Bravo kann man diesem Kommentar im Ergebnis nur zurufen, denn im Ergebnis ist das gefällte Urteil für alle Parteien ein Pyrrhussieg und im Sinne des Images und der strategischen Zukunft von Media-Saturn ein teuer erkaufter Erfolg, weil der Sieger aus dem Konflikt ähnlich geschwächt hervorgeht wie der Besiegte und auf dem Sieg nicht aufbauen kann.

Im Kern ging es um die Aushebelung der Vetorechte von Erich Kellerhals, der mit 22 % der Anteile und Stimmrechte unternehmensstrategische Entscheidungen beeinflussen bzw. blockieren kann, die mit 80% der Stimmen gefasst werden müssen. Eckhard Cordes, der sich eine strategische Neuausrichtung von Media-Saturn anders vorstellt als Kellerhals, wollte mit der Einrichtung eines Beirates für derartige strategische Fragen das Vetorecht umgehen.

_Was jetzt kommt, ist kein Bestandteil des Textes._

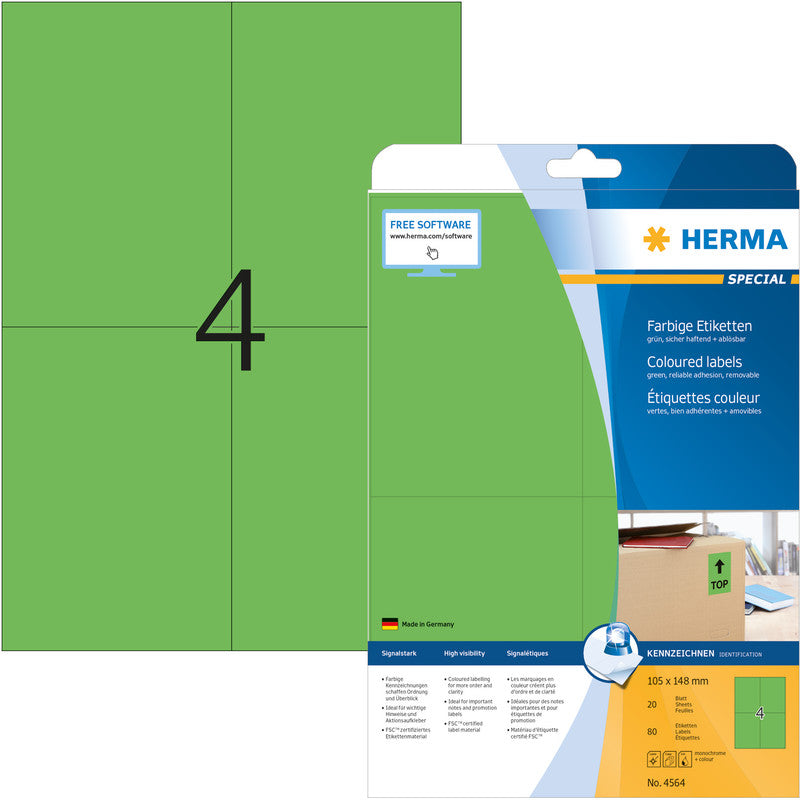 HERMA Etiketten, grün, selbstklebend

Nun bleibt das Vetorecht für alle strategischen Entscheidungen bestehen. Bedenkt man, dass Strategie alles ist, was die Lebensfähigkeit, das Schicksal eines Unternehmens nachhaltig beeinflusst, dann gelang es lediglich, das Vetorecht für operative Entscheidungen auszuhebeln. Das ist aber im Streit unerheblich, denn es ging um die strategische Führungsfähigkeit und –macht und um nichts anderes. Wenn dann der Metroanwalt Gauweiler meint, bei einer Kostenentscheidung von 52% zulasten von Kellerhals einen Sieg davongetragen zu haben und „das Schwanzl, das mit dem Hund wedelt, nur noch ein Stummelchen“ sei, so wird hier doch die Wirklichkeit höchst naiv politisch beschönigt, um nicht zuzugeben, dass die Metro weiterhin offensichtlich keine strategische Entscheidung ohne die Gründer und Minderheitsaktionäre durchsetzen kann; auch nicht über die Mithilfe eines Beirats. Und wenn weiter konstatiert wird, dass der Beirat jetzt operative Entscheidungen wie Jahresplanungen etc. schneller als bisher fällen könne, dann sei der berühmte Strategielehrer Henry Mintzberg erwähnt, der deutlich betont, dass Unternehmensplanung eben keine Strategie sei, sondern diese schlicht voraussetze. Strategie ist schicksalsbestimmende Ziel- und Wegbestimmung eines Unternehmens und genau die darf die Metro weiter nicht ohne die Minderheitsgesellschafter bestimmen. Sehr schade, denn Media-Saturn hat aktuell eine strategische Erneuerung mehr als notwendig, sonst wird dieses Unternehmen mit dem Konzept der 80er die nächsten 10 Jahre kaum überleben.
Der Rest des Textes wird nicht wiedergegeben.